**Assignment:** When you reproduce the data, keep every word exactly as it stands and leave the pictures out.

**Supplied information:**
[Start of Attachment]

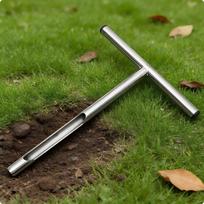 Stainless Steel Soil Sampler Easy to Use T Handle Garden Tool for Gardeners, Turf black
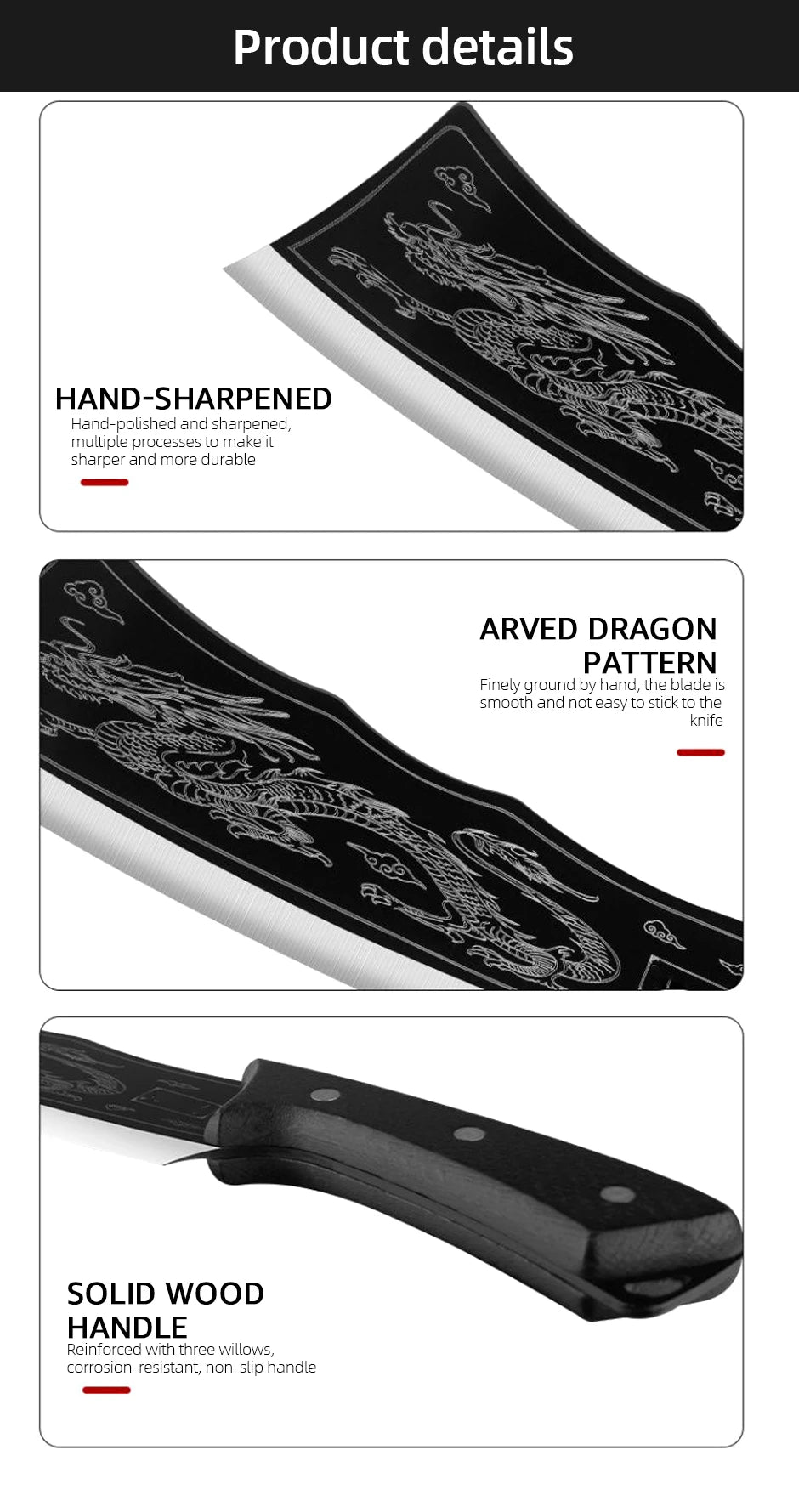 Handmade Meat Cleaver Heavy Duty Kitchen Knife Stainless Steel Butcher Slicing Boning Knife Forged Chopping Knife for Meat Fish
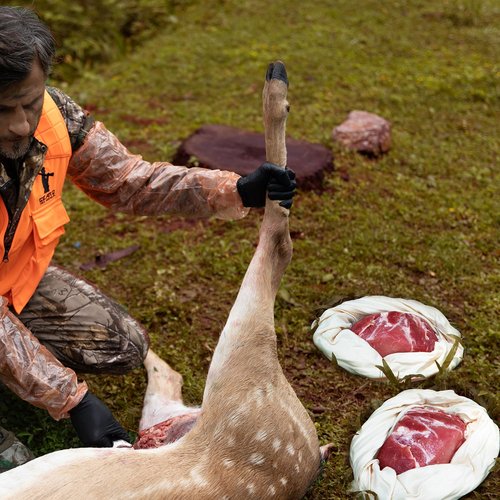GearOZ Elk Game Bags Hunting Meat Bag 5-Pack Reusable Rolled Heavy Duty Quarter Bags, Durable Big Game Hop-pocket for Elk/Caribou/Deer/Moose, 48" x4, 28" x1
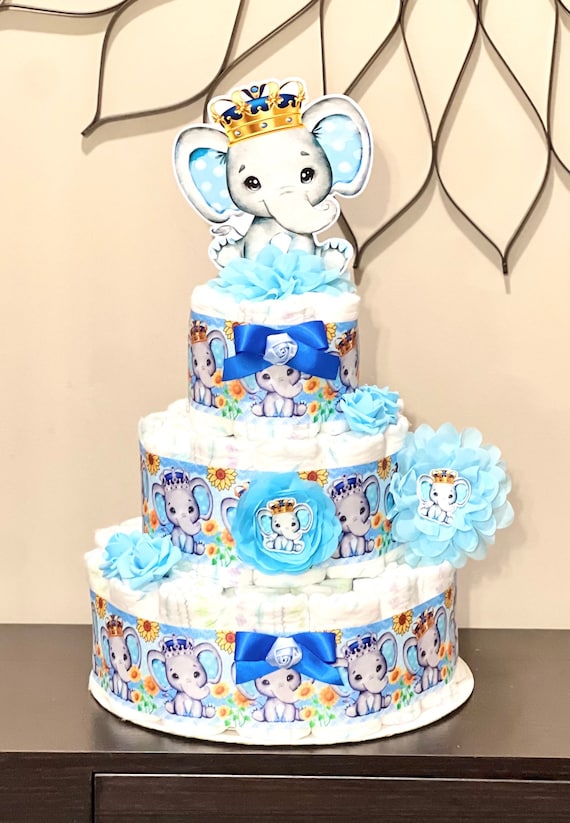 Elephant Diaper Cake Baby Shower ,Diaper Cake Boy Elephant Baby Shower  Prince Elephant Baby Shower Decoration, Shower Table Centerpiece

[End of Attachment]

**Task output:**
 Stainless Steel Soil Sampler Easy to Use T Handle Garden Tool for Gardeners, Turf black
 Handmade Meat Cleaver Heavy Duty Kitchen Knife Stainless Steel Butcher Slicing Boning Knife Forged Chopping Knife for Meat Fish
GearOZ Elk Game Bags Hunting Meat Bag 5-Pack Reusable Rolled Heavy Duty Quarter Bags, Durable Big Game Hop-pocket for Elk/Caribou/Deer/Moose, 48" x4, 28" x1
 Elephant Diaper Cake Baby Shower ,Diaper Cake Boy Elephant Baby Shower  Prince Elephant Baby Shower Decoration, Shower Table Centerpiece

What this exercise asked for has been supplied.